Muhammed Uluyol, Ayush Goel, Harsha V. Madhyastha, Ben Zhang, Jonathan Zolla, Chi-Yao Hong, Sankalp Singh, Kirill Mendelev, Dina Papagiannaki, Amin Vahdat. Preprint


Private wide-area networks (WANs) deployed by large cloud providers enable them to offer predictable bandwidth and latency to their tenants, in contrast to the public Internet. To maximize the WAN’s utilization, instead of statically reserving capacity for every tenant, cloud providers dynamically control what traffic is admitted onto the network. But, as traffic demands change, the availability of promised bandwidth depends on a global controller to react, which is fundamentally slow at scale and can occasionally even be offline.

To ensure that efficiency does not come at the expense of predictability, we present HEYP, our new architecture for private WANs.
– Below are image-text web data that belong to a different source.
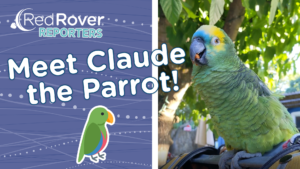 Claude the Parrot
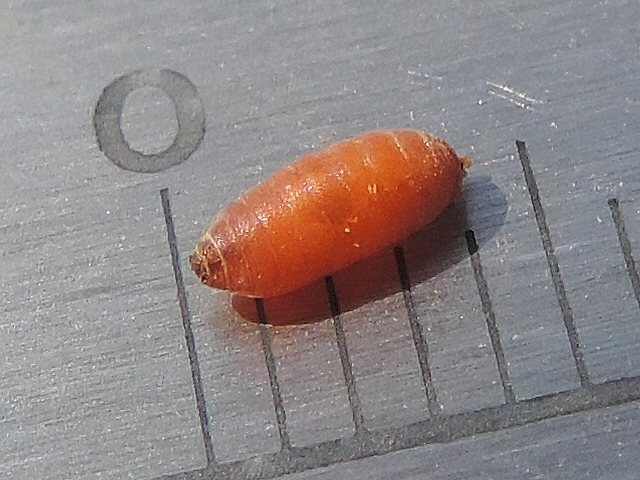 Silba adipata McAlpine : pupe (longueur 4 mm)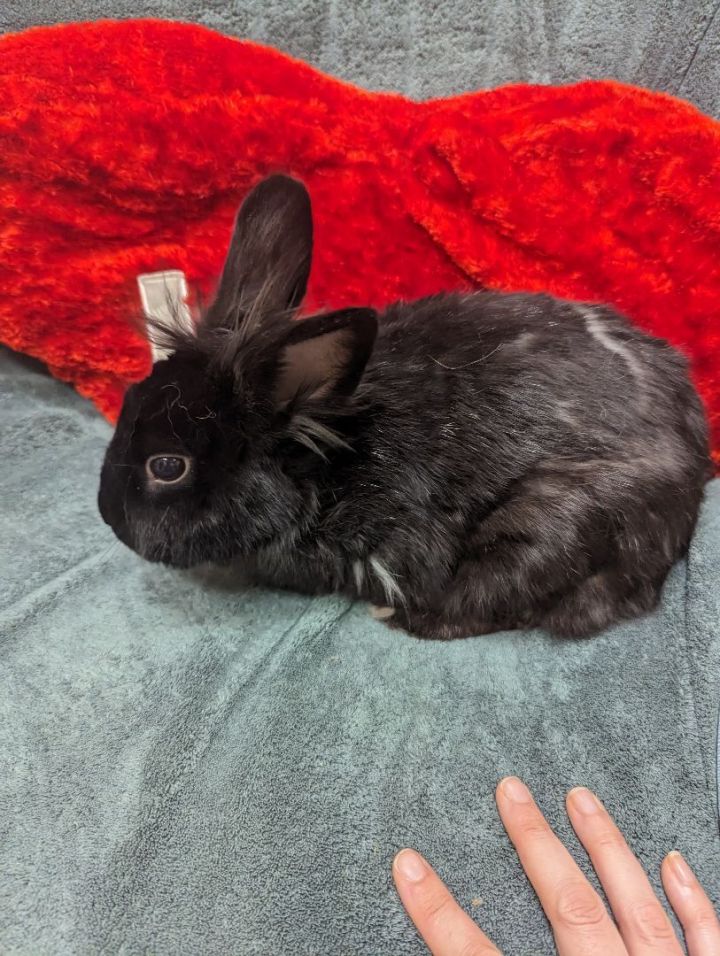 Ember, an adoptable Lionhead in Roseville, CA_image-2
First, when traffic demands change, HEYP’s global controller needs to intervene only to improve efficiency and not to guarantee the satisfaction of bandwidth guarantees. Second, HEYP’s controllers within each data center admit surplus traffic at a lower quality-of-service (QoS) level in a manner that accounts for how congestion control as well as applications will react to QoS changes. Our simulations using traces from a large global, private WAN suggest that HEYP would offer 99% availability for 10x as many bandwidth guarantees as state-of-the-art WAN designs without sacrificing efficiency.